» Work order
Give back every line of the material exactly. Skip the pictures.

-- Material provided follows --

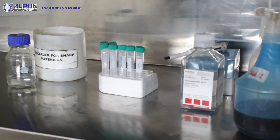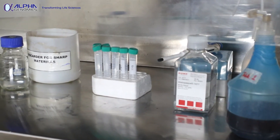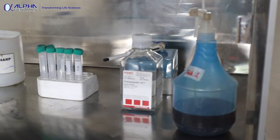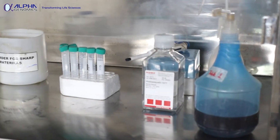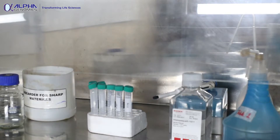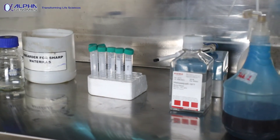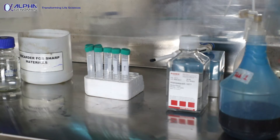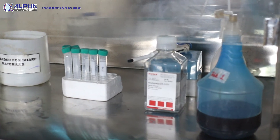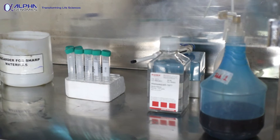Prior to performing any experiment, sterilization of this instrument is important. I have washed and wiped it with 5% bleach and sprayed a high amount of spirit. Now I'm going to turn on the HEPA filter and the UV light for 5 to 10 minutes, keeping inside all reagents and instruments — the falcon tubes and pipettes — to ensure any bacteria, DNA, or other contaminants are eliminated.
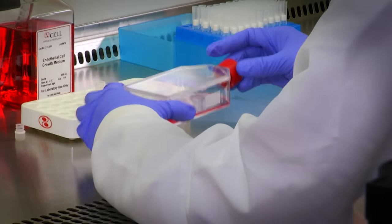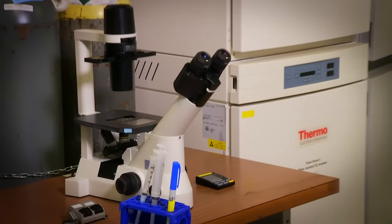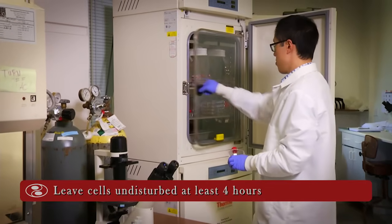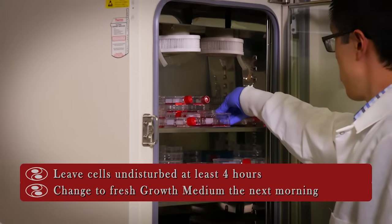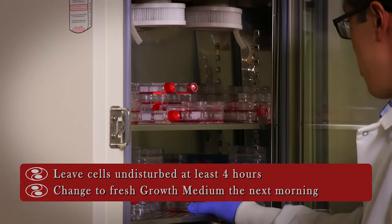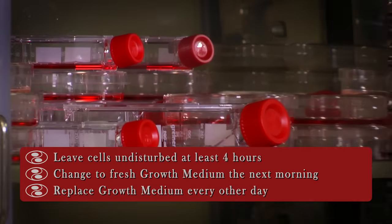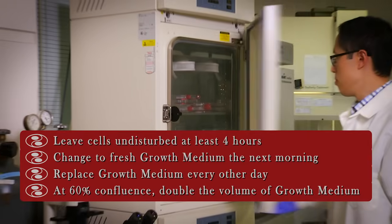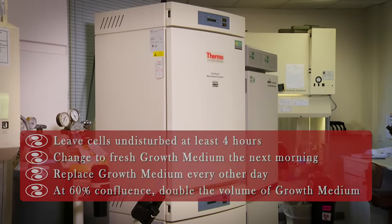Loosen the cap to allow gas exchange and place the T75 flask in the incubator. For best results, do not disturb the culture for at least 4 hours. Change to fresh growth medium after 4 hours or the next morning to remove all traces of cryoprotectant. Change growth medium every other day until the cells reach 60% confluency, and double the growth medium volume when the culture is greater than 60% confluent or for weekend feeding.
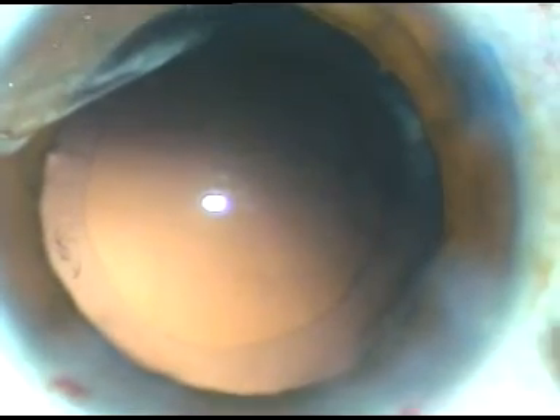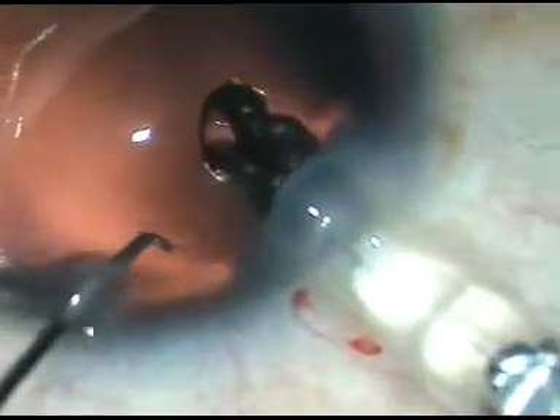This hydro polish technique I got encouraged by Dr. Sri Ganesh. He calls this no-touch polish, meaning you need not touch the posterior capsule to polish it. Just use the jet of fluid to dislodge the cells and fibers and the posterior capsule becomes clear.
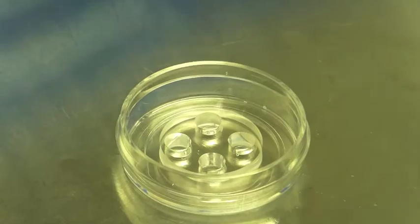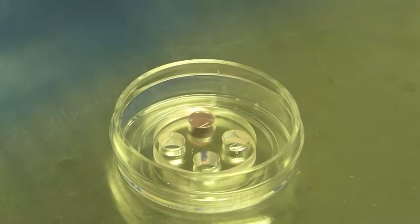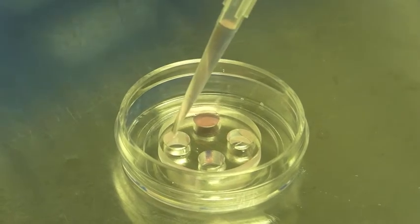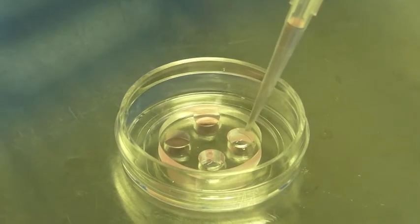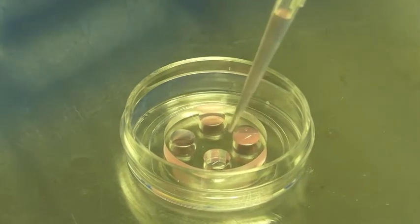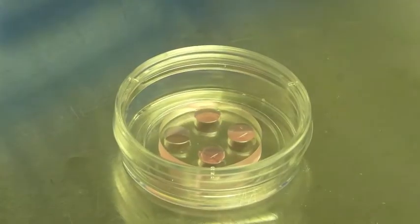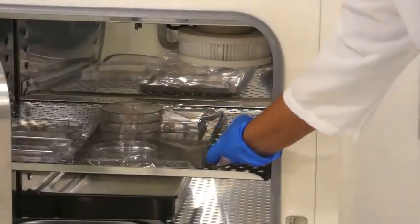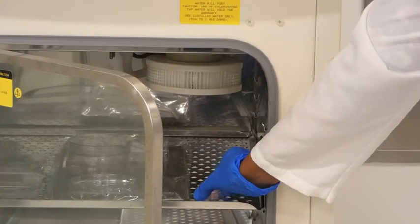After waiting 5 minutes for the cells to attach, add approximately 100 microliters of neuronal culture media to each of the top right and left wells. Then add 100 microliters of media to each of the bottom right and left wells. Cover the dish and place it into a 5% CO2, 37°C incubator.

-- Material provided concluded --

» Response for this exercise
Prior to performing any experiment, sterilization of this instrument is important. I have washed and wiped it with 5% bleach and sprayed a high amount of spirit. Now I'm going to turn on the HEPA filter and the UV light for 5 to 10 minutes, keeping inside all reagents and instruments — the falcon tubes and pipettes — to ensure any bacteria, DNA, or other contaminants are eliminated.
Loosen the cap to allow gas exchange and place the T75 flask in the incubator. For best results, do not disturb the culture for at least 4 hours. Change to fresh growth medium after 4 hours or the next morning to remove all traces of cryoprotectant. Change growth medium every other day until the cells reach 60% confluency, and double the growth medium volume when the culture is greater than 60% confluent or for weekend feeding.
This hydro polish technique I got encouraged by Dr. Sri Ganesh. He calls this no-touch polish, meaning you need not touch the posterior capsule to polish it. Just use the jet of fluid to dislodge the cells and fibers and the posterior capsule becomes clear.
After waiting 5 minutes for the cells to attach, add approximately 100 microliters of neuronal culture media to each of the top right and left wells. Then add 100 microliters of media to each of the bottom right and left wells. Cover the dish and place it into a 5% CO2, 37°C incubator.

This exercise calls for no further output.